Brief descriptive captions:
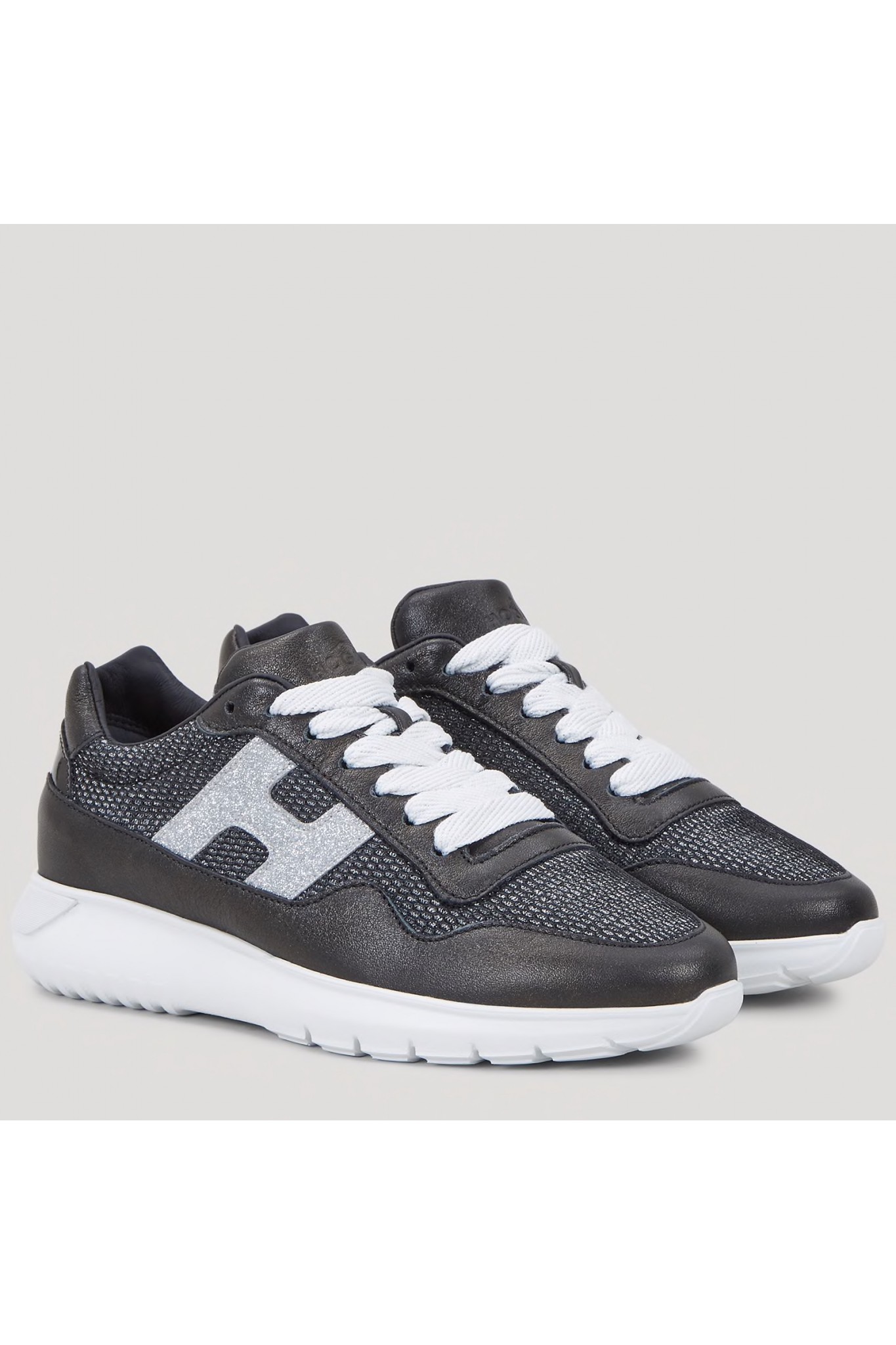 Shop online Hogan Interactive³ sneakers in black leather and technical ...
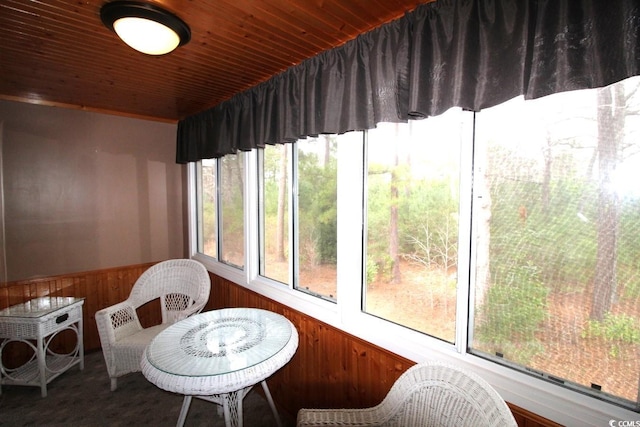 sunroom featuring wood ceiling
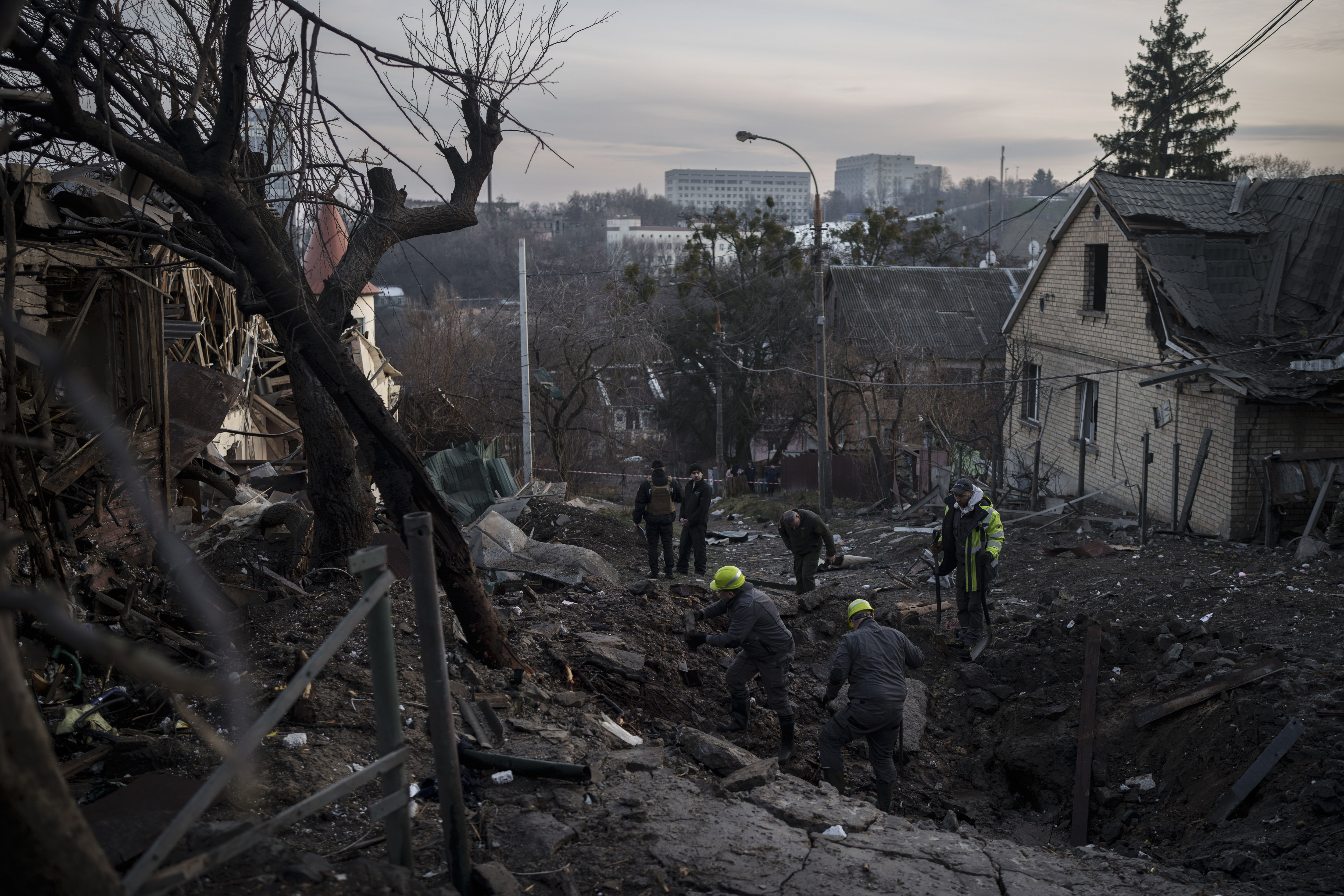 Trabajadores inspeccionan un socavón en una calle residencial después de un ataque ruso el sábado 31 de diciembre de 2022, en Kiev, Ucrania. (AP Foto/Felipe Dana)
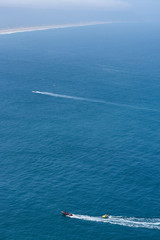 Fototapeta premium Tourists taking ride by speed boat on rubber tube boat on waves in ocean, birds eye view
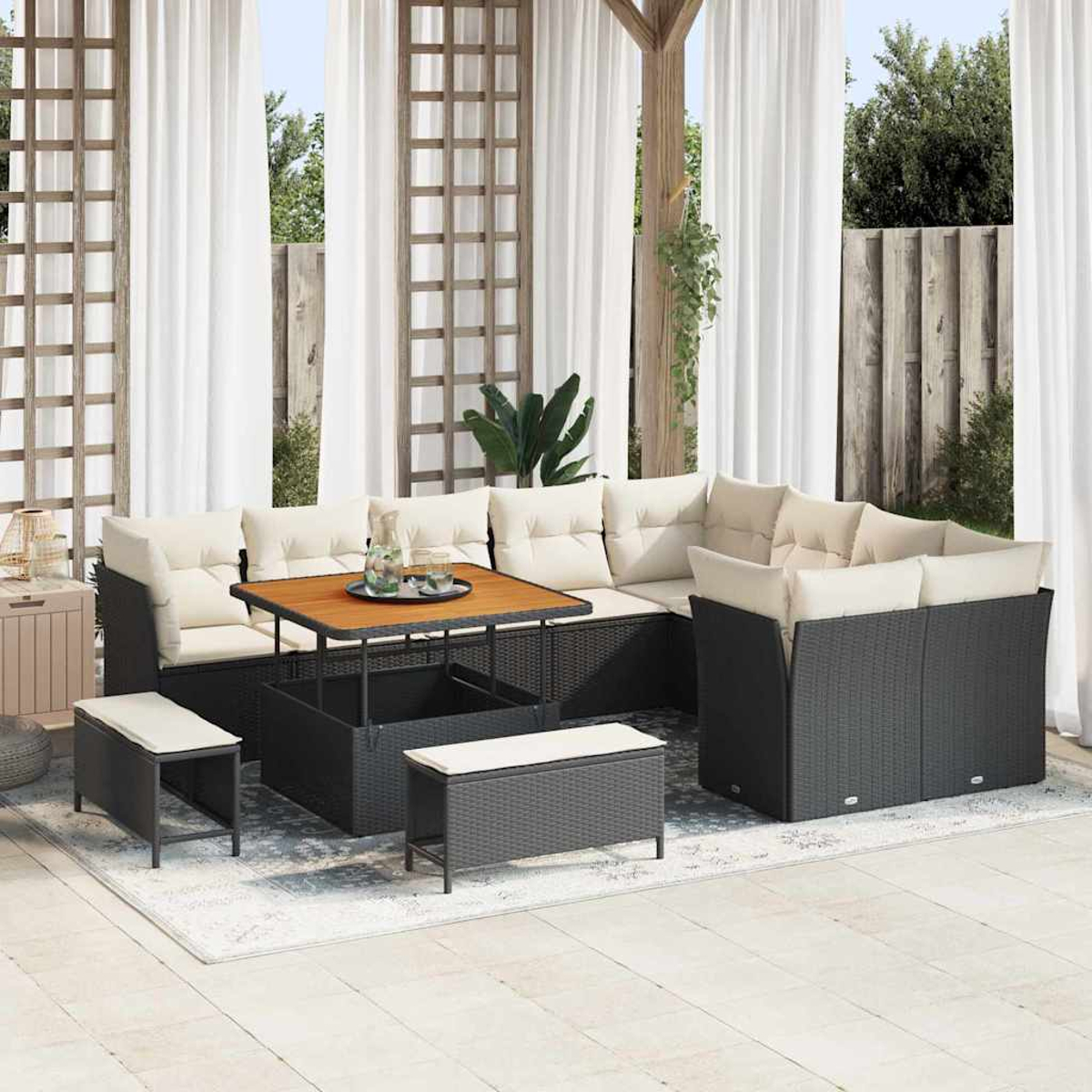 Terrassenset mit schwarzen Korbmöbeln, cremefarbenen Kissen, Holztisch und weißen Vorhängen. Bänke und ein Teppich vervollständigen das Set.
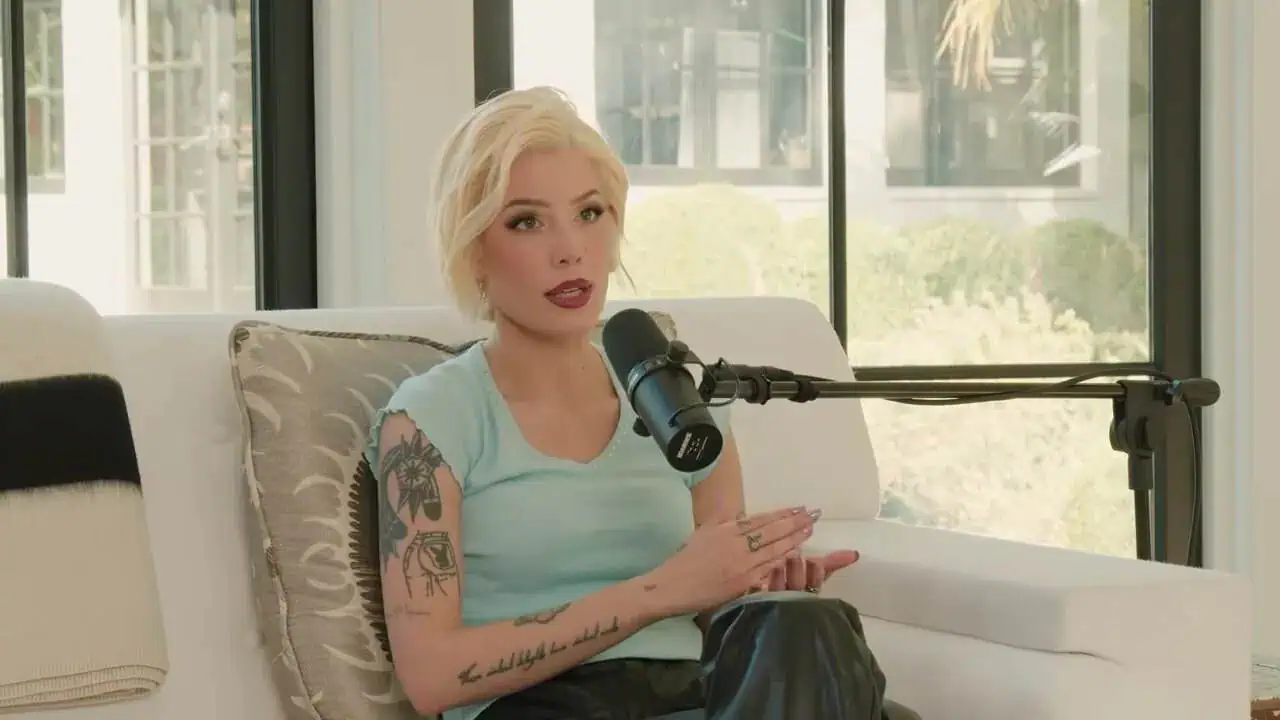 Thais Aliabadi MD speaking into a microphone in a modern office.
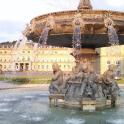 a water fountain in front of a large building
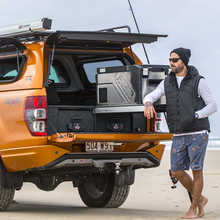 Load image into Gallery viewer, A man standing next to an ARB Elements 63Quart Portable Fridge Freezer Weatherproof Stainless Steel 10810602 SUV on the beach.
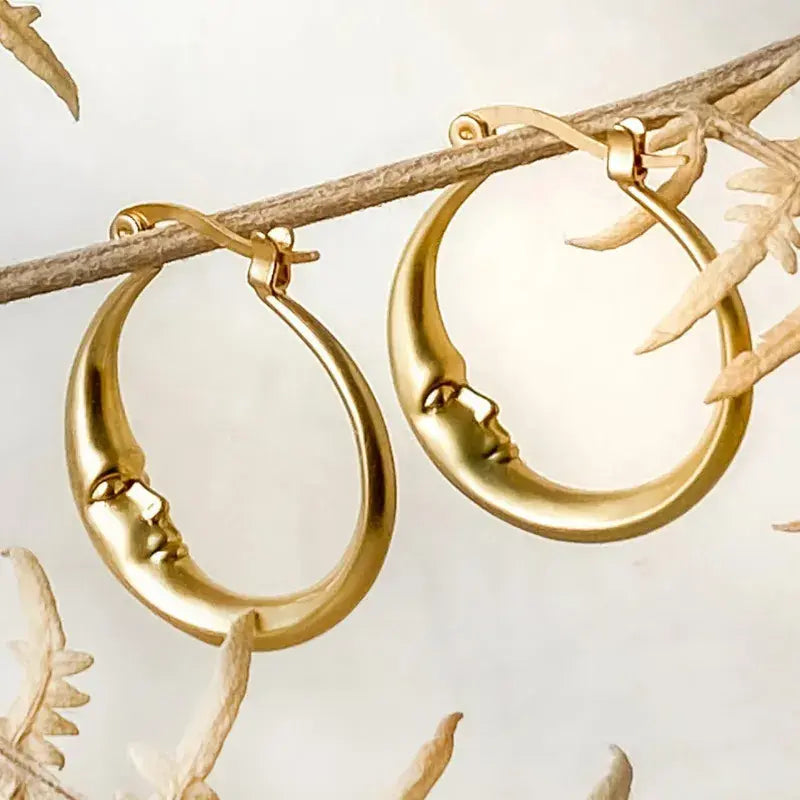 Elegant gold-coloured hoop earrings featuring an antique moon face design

*DIRECTIONS*.
Take the line that contains "Load image into" and every line after it down to the last line of the entries above, and output them exactly, with nothing else and no pictures.

*YOUR RESPONSE*.
 Load image into Gallery viewer, A man standing next to an ARB Elements 63Quart Portable Fridge Freezer Weatherproof Stainless Steel 10810602 SUV on the beach.
 Elegant gold-coloured hoop earrings featuring an antique moon face design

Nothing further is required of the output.